#### Your task
All of the records that follow need to be copied word for word, without the pictures.
+ + + + +
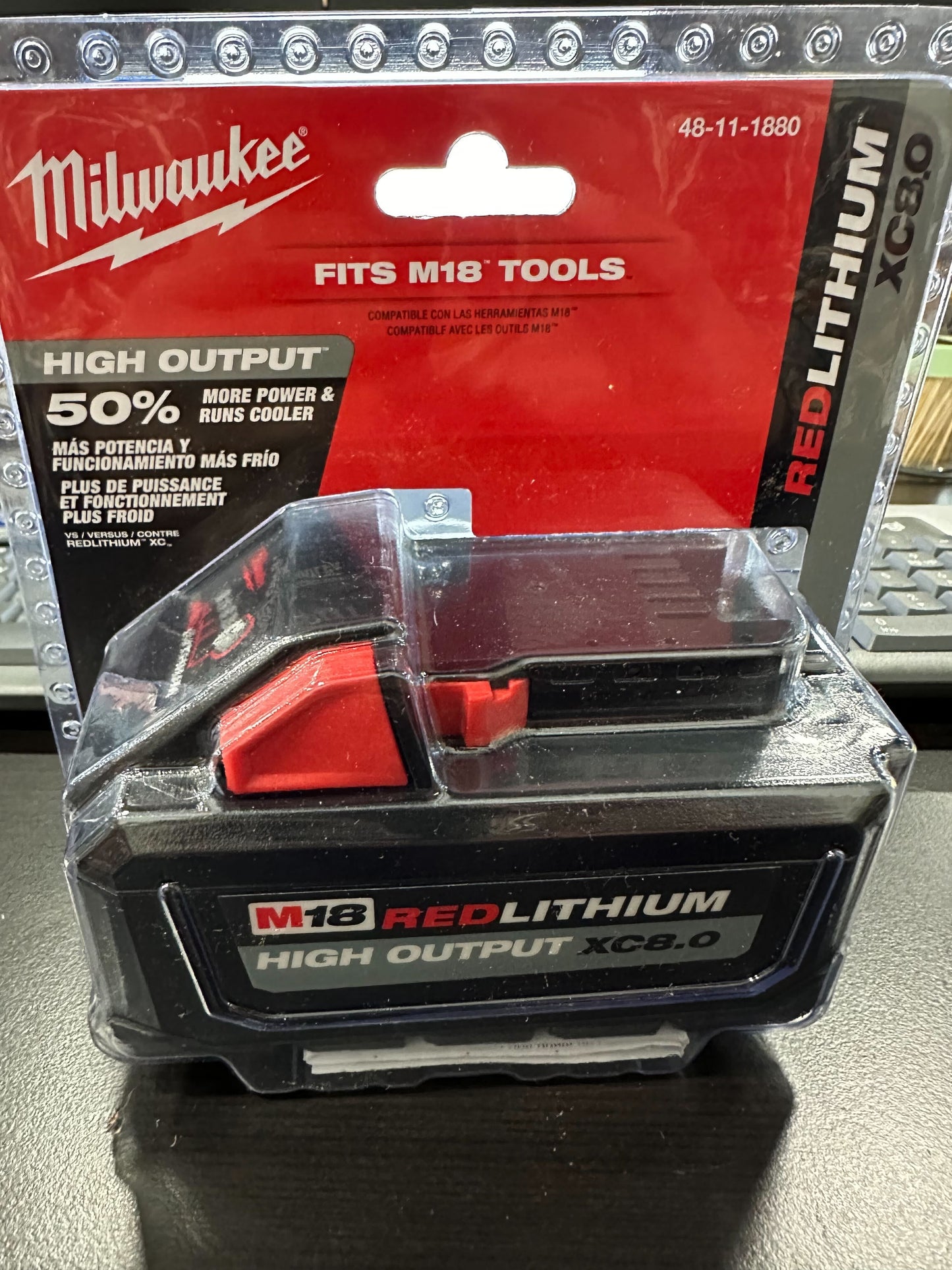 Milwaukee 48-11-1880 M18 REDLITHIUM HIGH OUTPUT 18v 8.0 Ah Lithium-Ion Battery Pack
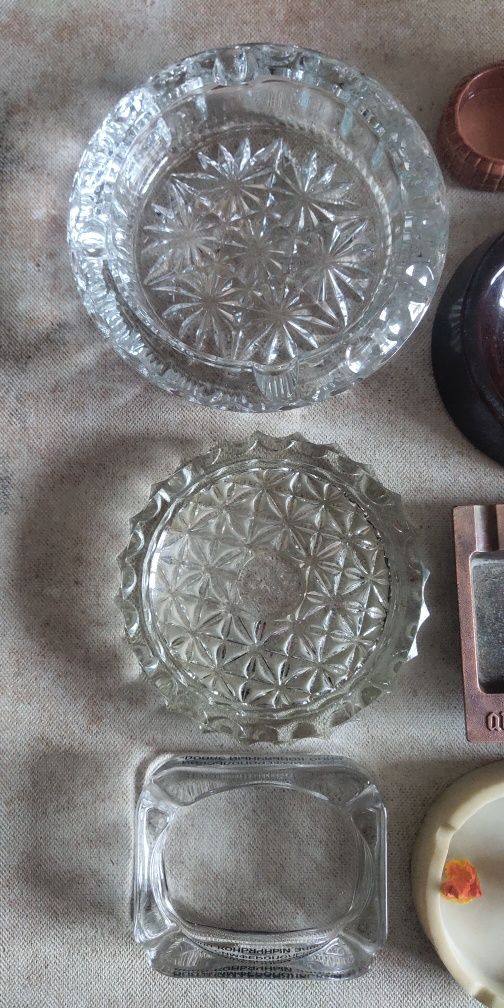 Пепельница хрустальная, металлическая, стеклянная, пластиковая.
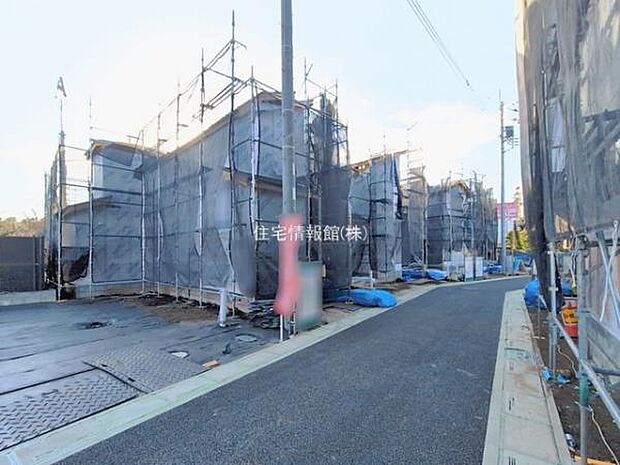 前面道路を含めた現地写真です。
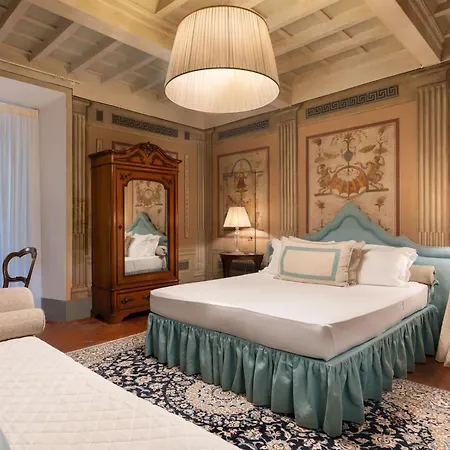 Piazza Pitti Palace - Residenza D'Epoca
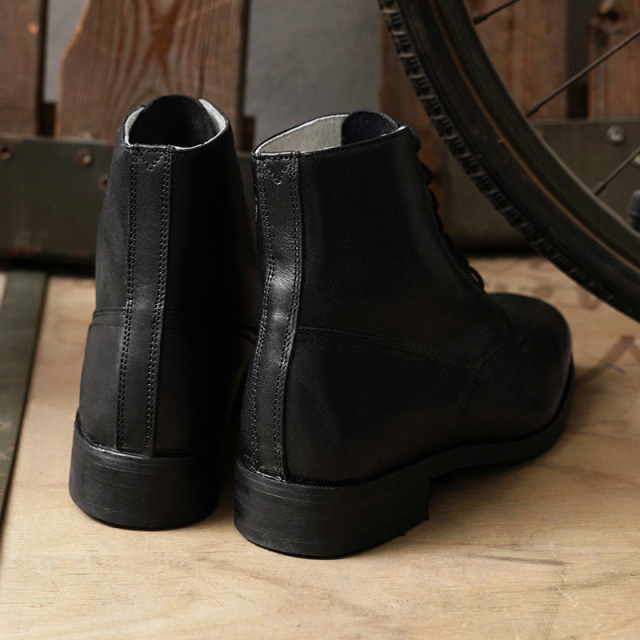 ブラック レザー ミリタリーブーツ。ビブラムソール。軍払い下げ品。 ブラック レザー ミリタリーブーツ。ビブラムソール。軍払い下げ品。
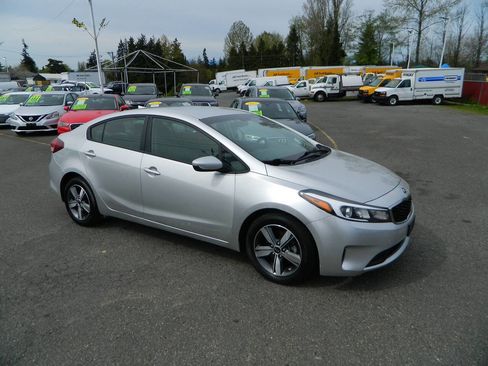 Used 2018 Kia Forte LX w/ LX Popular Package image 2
+ + + + +
#### Problem solution
 Milwaukee 48-11-1880 M18 REDLITHIUM HIGH OUTPUT 18v 8.0 Ah Lithium-Ion Battery Pack
 Пепельница хрустальная, металлическая, стеклянная, пластиковая.
 前面道路を含めた現地写真です。
 Piazza Pitti Palace - Residenza D'Epoca
 ブラック レザー ミリタリーブーツ。ビブラムソール。軍払い下げ品。 ブラック レザー ミリタリーブーツ。ビブラムソール。軍払い下げ品。
 Used 2018 Kia Forte LX w/ LX Popular Package image 2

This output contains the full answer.